### WHAT IS REQUIRED
From the line with "[ forksy. ] 2way 퍼프 슬리브 오프숄더 뷔스티에 블랙" through the line with "Bathroom 5, Cozy", inclusive, return each line of the data below exactly and leave the rest out.

*-*-*

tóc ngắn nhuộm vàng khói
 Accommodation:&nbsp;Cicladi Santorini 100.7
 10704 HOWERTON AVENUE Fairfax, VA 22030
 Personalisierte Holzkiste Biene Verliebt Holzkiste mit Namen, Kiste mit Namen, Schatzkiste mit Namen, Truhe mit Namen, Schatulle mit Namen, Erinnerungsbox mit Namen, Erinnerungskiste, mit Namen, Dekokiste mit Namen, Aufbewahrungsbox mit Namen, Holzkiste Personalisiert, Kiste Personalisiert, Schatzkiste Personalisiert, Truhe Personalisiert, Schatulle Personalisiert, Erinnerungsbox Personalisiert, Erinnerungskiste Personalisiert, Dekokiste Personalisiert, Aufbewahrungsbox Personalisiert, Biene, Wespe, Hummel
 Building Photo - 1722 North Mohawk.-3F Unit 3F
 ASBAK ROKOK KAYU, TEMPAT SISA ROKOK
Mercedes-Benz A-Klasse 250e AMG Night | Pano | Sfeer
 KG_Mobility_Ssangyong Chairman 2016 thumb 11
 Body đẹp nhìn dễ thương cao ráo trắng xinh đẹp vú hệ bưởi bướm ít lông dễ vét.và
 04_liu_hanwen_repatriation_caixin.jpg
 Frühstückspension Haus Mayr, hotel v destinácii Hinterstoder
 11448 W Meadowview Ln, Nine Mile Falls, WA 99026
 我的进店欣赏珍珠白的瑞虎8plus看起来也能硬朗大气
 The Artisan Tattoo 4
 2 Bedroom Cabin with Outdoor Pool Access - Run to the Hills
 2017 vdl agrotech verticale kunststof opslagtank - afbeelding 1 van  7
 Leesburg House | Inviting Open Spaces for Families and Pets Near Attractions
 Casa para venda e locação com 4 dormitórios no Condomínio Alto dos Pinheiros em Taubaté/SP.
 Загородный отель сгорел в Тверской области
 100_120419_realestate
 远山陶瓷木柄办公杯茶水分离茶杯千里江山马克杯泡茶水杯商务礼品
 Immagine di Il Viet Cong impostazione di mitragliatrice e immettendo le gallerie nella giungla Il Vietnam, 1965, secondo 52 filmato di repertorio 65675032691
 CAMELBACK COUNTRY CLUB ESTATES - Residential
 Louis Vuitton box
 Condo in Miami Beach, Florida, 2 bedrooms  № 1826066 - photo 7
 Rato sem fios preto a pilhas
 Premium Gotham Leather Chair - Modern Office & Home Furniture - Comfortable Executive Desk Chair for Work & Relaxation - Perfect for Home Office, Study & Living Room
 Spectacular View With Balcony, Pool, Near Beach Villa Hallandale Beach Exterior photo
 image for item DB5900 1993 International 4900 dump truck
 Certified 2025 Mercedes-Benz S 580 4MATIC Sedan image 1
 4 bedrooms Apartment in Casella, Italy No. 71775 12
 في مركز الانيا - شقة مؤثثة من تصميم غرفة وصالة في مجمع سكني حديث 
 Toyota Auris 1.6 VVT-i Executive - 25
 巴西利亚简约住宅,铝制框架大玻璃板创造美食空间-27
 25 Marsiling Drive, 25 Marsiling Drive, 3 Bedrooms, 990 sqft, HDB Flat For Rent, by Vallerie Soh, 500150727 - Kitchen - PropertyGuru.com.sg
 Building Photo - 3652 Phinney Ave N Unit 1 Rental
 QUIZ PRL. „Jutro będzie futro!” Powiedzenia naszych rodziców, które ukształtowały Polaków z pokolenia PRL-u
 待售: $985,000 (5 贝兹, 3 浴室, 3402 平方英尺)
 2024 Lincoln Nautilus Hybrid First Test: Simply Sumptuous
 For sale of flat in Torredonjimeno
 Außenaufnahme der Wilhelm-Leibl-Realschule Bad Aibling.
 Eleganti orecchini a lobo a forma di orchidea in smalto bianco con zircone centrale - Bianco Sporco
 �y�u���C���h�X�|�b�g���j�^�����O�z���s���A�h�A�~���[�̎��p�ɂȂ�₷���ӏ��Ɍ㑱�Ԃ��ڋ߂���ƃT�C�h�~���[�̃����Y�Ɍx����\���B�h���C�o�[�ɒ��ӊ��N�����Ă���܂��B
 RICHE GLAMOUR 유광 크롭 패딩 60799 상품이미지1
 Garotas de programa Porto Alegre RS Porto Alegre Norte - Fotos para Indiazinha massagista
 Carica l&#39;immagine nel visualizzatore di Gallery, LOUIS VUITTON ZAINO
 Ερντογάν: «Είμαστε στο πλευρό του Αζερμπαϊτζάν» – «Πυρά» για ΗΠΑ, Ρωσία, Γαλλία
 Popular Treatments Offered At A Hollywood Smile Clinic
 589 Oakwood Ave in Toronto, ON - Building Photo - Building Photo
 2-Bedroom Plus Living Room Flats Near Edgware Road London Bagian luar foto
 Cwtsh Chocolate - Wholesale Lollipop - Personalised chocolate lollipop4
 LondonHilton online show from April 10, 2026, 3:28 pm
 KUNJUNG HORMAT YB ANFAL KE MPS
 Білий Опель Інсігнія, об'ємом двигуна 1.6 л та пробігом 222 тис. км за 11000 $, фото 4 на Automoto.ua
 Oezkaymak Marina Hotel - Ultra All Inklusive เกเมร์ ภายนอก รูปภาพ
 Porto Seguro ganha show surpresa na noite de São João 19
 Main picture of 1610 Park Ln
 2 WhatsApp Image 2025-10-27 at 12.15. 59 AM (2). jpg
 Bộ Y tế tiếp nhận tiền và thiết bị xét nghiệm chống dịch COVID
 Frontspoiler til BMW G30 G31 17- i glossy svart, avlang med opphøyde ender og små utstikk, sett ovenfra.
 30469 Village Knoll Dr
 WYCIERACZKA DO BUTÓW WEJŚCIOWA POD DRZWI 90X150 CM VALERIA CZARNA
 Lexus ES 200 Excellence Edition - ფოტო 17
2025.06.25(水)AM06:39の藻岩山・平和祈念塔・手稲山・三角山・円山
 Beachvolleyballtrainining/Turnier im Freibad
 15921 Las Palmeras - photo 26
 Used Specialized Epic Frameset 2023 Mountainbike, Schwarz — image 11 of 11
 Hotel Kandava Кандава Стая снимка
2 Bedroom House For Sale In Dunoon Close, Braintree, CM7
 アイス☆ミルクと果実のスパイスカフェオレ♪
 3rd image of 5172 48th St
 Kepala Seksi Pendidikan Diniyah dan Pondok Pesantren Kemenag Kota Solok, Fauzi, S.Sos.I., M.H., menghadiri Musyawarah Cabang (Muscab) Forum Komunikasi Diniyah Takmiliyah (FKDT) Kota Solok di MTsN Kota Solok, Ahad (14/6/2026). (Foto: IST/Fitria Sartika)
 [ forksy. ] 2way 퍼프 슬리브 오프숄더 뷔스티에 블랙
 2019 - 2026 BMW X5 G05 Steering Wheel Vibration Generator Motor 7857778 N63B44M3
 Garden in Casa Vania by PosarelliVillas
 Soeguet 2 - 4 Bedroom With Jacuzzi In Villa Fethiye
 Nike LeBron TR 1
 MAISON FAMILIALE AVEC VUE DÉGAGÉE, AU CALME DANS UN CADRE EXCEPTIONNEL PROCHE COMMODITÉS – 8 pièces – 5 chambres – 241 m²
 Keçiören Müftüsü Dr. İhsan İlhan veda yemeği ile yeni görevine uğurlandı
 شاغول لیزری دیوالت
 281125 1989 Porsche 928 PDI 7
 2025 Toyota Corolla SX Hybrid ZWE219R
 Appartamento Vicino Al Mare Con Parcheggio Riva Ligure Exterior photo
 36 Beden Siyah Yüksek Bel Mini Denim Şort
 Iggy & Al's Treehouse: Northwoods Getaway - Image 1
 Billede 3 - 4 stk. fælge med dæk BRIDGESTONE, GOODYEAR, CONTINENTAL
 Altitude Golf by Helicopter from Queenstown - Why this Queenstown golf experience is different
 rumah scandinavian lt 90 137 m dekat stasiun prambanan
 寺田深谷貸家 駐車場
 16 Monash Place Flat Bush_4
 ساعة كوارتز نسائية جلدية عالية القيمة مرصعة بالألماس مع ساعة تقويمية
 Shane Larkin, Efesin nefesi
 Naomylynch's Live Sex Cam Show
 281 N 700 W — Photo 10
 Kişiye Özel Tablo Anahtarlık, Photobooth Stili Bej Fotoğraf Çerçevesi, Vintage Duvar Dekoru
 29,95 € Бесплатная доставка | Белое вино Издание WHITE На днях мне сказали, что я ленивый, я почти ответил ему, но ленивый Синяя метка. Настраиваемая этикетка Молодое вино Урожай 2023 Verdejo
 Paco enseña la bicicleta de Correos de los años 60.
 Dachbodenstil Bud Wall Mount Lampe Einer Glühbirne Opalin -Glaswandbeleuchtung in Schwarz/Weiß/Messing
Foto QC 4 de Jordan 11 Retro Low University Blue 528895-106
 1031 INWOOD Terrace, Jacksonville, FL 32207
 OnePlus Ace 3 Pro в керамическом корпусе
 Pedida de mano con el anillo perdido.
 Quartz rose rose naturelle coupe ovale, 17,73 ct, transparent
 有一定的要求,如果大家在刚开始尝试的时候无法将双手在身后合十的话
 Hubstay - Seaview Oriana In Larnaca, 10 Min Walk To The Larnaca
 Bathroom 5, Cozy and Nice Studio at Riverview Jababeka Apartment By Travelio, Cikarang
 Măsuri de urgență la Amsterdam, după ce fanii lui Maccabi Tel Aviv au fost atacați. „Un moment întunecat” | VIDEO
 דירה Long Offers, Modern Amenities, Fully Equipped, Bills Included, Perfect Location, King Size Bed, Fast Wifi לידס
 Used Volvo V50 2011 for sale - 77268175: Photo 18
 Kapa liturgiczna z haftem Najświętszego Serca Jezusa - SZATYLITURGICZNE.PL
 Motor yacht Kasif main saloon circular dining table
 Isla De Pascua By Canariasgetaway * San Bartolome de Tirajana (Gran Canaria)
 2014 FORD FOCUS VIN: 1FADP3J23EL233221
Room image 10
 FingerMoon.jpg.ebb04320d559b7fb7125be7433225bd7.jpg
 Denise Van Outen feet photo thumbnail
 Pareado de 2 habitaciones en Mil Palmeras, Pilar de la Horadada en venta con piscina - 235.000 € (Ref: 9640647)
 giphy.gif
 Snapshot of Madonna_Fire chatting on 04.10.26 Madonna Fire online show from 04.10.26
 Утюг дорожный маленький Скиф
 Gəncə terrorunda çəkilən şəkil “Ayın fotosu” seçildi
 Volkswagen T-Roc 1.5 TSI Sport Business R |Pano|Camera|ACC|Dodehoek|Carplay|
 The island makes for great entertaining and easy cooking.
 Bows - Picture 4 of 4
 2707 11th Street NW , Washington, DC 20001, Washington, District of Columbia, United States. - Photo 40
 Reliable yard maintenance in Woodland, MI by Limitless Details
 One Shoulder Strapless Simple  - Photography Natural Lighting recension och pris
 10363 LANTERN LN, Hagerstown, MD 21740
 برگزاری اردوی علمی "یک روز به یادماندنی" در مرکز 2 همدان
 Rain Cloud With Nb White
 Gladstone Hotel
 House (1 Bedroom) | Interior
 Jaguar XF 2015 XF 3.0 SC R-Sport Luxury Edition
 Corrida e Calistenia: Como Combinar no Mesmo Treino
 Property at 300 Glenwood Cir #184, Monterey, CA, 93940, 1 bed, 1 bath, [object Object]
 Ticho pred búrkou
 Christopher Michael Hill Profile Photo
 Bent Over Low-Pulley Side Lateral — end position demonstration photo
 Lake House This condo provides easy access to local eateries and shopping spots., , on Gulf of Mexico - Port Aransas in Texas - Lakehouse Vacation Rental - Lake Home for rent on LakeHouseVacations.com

*-*-*

### RESULT OF THE TASK
 [ forksy. ] 2way 퍼프 슬리브 오프숄더 뷔스티에 블랙
 2019 - 2026 BMW X5 G05 Steering Wheel Vibration Generator Motor 7857778 N63B44M3
 Garden in Casa Vania by PosarelliVillas
 Soeguet 2 - 4 Bedroom With Jacuzzi In Villa Fethiye
 Nike LeBron TR 1
 MAISON FAMILIALE AVEC VUE DÉGAGÉE, AU CALME DANS UN CADRE EXCEPTIONNEL PROCHE COMMODITÉS – 8 pièces – 5 chambres – 241 m²
 Keçiören Müftüsü Dr. İhsan İlhan veda yemeği ile yeni görevine uğurlandı
 شاغول لیزری دیوالت
 281125 1989 Porsche 928 PDI 7
 2025 Toyota Corolla SX Hybrid ZWE219R
 Appartamento Vicino Al Mare Con Parcheggio Riva Ligure Exterior photo
 36 Beden Siyah Yüksek Bel Mini Denim Şort
 Iggy & Al's Treehouse: Northwoods Getaway - Image 1
 Billede 3 - 4 stk. fælge med dæk BRIDGESTONE, GOODYEAR, CONTINENTAL
 Altitude Golf by Helicopter from Queenstown - Why this Queenstown golf experience is different
 rumah scandinavian lt 90 137 m dekat stasiun prambanan
 寺田深谷貸家 駐車場
 16 Monash Place Flat Bush_4
 ساعة كوارتز نسائية جلدية عالية القيمة مرصعة بالألماس مع ساعة تقويمية
 Shane Larkin, Efesin nefesi
 Naomylynch's Live Sex Cam Show
 281 N 700 W — Photo 10
 Kişiye Özel Tablo Anahtarlık, Photobooth Stili Bej Fotoğraf Çerçevesi, Vintage Duvar Dekoru
 29,95 € Бесплатная доставка | Белое вино Издание WHITE На днях мне сказали, что я ленивый, я почти ответил ему, но ленивый Синяя метка. Настраиваемая этикетка Молодое вино Урожай 2023 Verdejo
 Paco enseña la bicicleta de Correos de los años 60.
 Dachbodenstil Bud Wall Mount Lampe Einer Glühbirne Opalin -Glaswandbeleuchtung in Schwarz/Weiß/Messing
Foto QC 4 de Jordan 11 Retro Low University Blue 528895-106
 1031 INWOOD Terrace, Jacksonville, FL 32207
 OnePlus Ace 3 Pro в керамическом корпусе
 Pedida de mano con el anillo perdido.
 Quartz rose rose naturelle coupe ovale, 17,73 ct, transparent
 有一定的要求,如果大家在刚开始尝试的时候无法将双手在身后合十的话
 Hubstay - Seaview Oriana In Larnaca, 10 Min Walk To The Larnaca
 Bathroom 5, Cozy and Nice Studio at Riverview Jababeka Apartment By Travelio, Cikarang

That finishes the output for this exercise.